By Charles Sercombe
And then there were 13.
That’s 13 candidates we’re talking about who will be on the August Primary ballot for three seats on City Council. Two candidates dropped out of the race last week, Don Kosin and Kathleen Bittner.
Not much is known about Kosin, but Bittner’s withdrawal came as a surprise to some. Bittner is well-known in the community through her family’s business, the Polish Art Center, and from her co-organizing last year’s Hamtramck Labor Day Festival.
Bittner said that she realized that trying to organize this year’s festival and run for council would require too much time.
“I just don’t have enough physical time,” she said.
The 20-something-year-old did say, though, she might give a shot at council in a few years.
“I might think about it,” she said about seeking office.
So, with those two candidates out of the race, that leaves voters with the following to choose from:
Cathie Ladzinski Gordon
Mohamed Delawar Hussain
Steve Selim Shaya
All but four of the candidates have sought office before. The new faces include: Dilshad Chowdhury, Roger Lamm, Ian Perrotta and a candidate with the unique name: Showkat Chowdhury.

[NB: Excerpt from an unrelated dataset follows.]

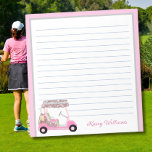 Glam Pink Gepersonaliseerde Golf Winkelwagen Naam  Notitieblok<br><div class="desc">Een glamoureuze unieke golfkar — roze met een vleugje diamanten — smaakvol uitgevoerd — klaar om de baan te runnen — het notitieblok. Dit is een geweldig cadeau voor alle golfliefhebbers - leuk / aantrekkelijk / uniek. Personaliseer het met je/haar naam. Als u ontwerpvragen of een speciaal verzoek hebt, stuur...</div>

Councilmember Gordon is the only incumbent running. Councilmembers Catrina Stackpoole and Shahab Ahmed did not pull petitions to seek re-election.
Algazali and Zwolak are former councilmembers. Algazali gave up his chance to seek re-election two years ago and chose instead to challenge Karen Majewski for the mayor’s position. He came close, losing by about 200 votes.
Mayor Majewski said she’s not surprised by some of the candidates running, describing them as “predictable and perennial.”
She said she is “sorry” that Councilmembers Stackpoole and Ahmed, who sided with her on many issues, are not running again.
“Their leadership has been marked by a deep sense of responsibility and willingness to work through wrenchingly hard issues,” Majewski said. “We’ve gone through these hard times together, so I understand their decision to focus their talents elsewhere, and I know they’ll continue to work for the good of Hamtramck in ways other than elected service.”
Out of the field of 13 candidates, only the six top vote-getters will move on to the November General Election, and out of those candidates remaining three will be elected.
This Primary Election will also be a test on whether the Bengali community is still the most powerful voting bloc in the city. There are five Bangladeshi-American candidates on the ballot.
Algazali is a Yemeni-American and appeared to win over a number of Bengali voters in his run for mayor.
There are now three Bengali-Americans on the current council. Besides Ahmed, there are also Mohammed Hassan and Kazi Miah. Councilmember Miah was the highest vote-getter in the last council election.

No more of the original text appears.